Temporal workflow engine - durable execution for microservice orchestration
Md Sanwar Hossain - Software Engineer
Md Sanwar Hossain

Software Engineer · Java · Spring Boot · Microservices

Microservices March 19, 2026 22 min read Distributed Systems Failure Handling Series

Temporal Workflow Engine for Microservice Orchestration: Durable Execution at Production Scale

The order had been placed. Payment was charged. But three days later the customer received two shipments and one refund for an order that had never been cancelled. The culprit was a fintech platform's homegrown saga choreography that failed to handle a transient network partition between the inventory service and the shipping service — leaving the workflow state permanently inconsistent with no compensation logic triggered. The engineering team had spent months building retry queues, dead letter handlers, and reconciliation jobs around Kafka to approximate reliability. They needed something fundamentally different: a system where long-running distributed transactions are durable by design. That system is Temporal.

Table of Contents

  1. What Is Temporal? The Durable Execution Model
  2. Temporal vs Saga vs Message Queues vs Step Functions
  3. Core Concepts: Workflows, Activities, Workers, Signals
  4. Java SDK Deep Dive
  5. Real-World: E-Commerce Order Fulfillment Workflow
  6. Workflow Versioning for Zero-Downtime Deployments
  7. Worker Scaling on Kubernetes
  8. Failure Scenarios and Limits
  9. When NOT to Use Temporal
  10. Observability: Web UI, Metrics & Tracing
  11. Key Takeaways

1. What Is Temporal? The Durable Execution Model

Temporal is an open-source durable execution platform originally developed at Uber (as Cadence) and subsequently rewritten and released as Temporal. Its central promise is that your workflow code — written as ordinary sequential Java (or Go, Python, TypeScript) — executes durably across failures. If a worker crashes mid-workflow, Temporal automatically replays the workflow history on another worker to reconstruct the exact execution state and continue from where it left off. From the programmer's perspective, the code never crashed: the await or blocking call simply resumes.

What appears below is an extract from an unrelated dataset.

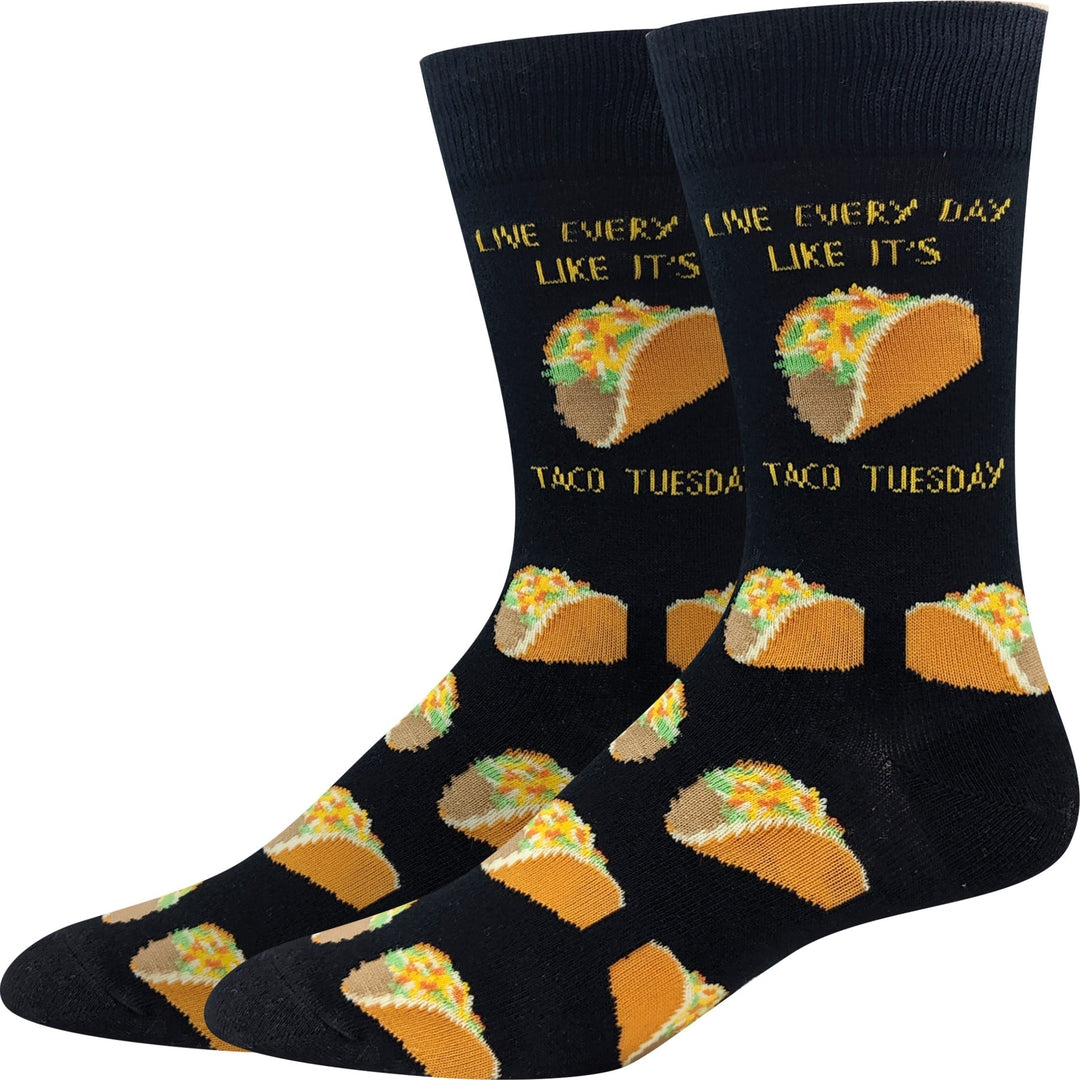 Black men's crew socks covered in golden tacos with the words Live Every Day Like It's Taco Tuesday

Internally, Temporal persists every event that occurs in a workflow to a durable event history stored in a database (Cassandra or PostgreSQL). The server has four main services: Frontend (gRPC API gateway for SDK clients and Web UI), History (owns workflow state, applies events, schedules tasks), Matching (routes tasks to available workers via task queues), and Worker service — your application code, running as Temporal Workers that poll task queues.

The key insight is deterministic replay: workflow code must be deterministic (no random numbers, no direct time calls, no external I/O) so that Temporal can replay the history to reconstruct state. All non-deterministic operations — HTTP calls, database queries, time — are wrapped in Activities that are scheduled as separate tasks, executed at most once per schedule, and their results recorded in the history. On replay, the recorded result is returned instead of re-executing the activity.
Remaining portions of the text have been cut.